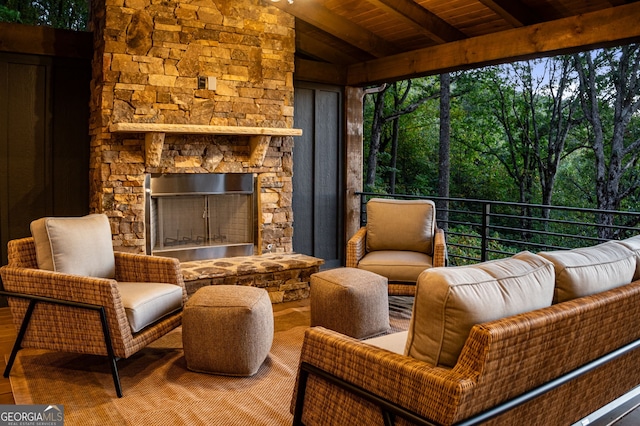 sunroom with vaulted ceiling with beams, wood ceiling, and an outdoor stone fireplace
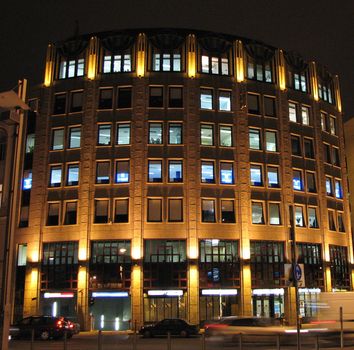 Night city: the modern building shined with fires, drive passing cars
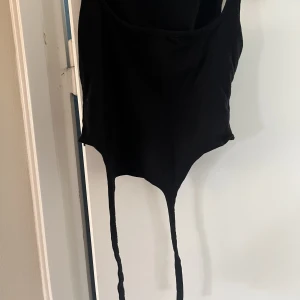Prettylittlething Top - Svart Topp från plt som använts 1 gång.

####

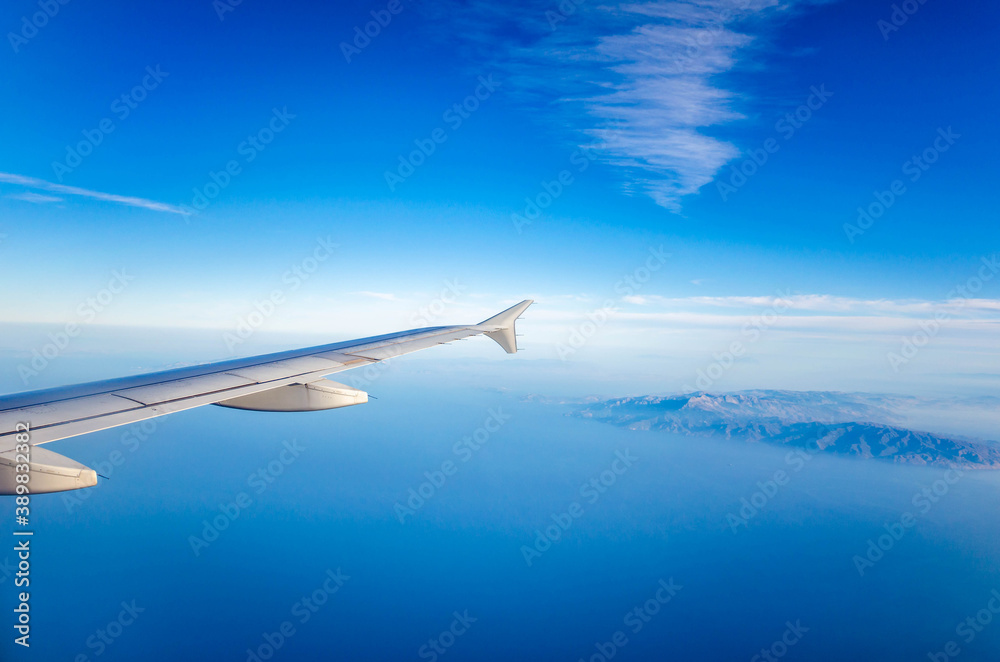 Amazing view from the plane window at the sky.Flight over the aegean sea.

####

■ WORK TO BE COMPLETED: Write down exactly what the lines above say, from the line holding "Night city: the" through the line holding "Prettylittlething Top - Svart", and nothing more. Do not copy the pictures.

■ RESPONSE TO THIS TASK:
 Night city: the modern building shined with fires, drive passing cars
Prettylittlething Top - Svart Topp från plt som använts 1 gång.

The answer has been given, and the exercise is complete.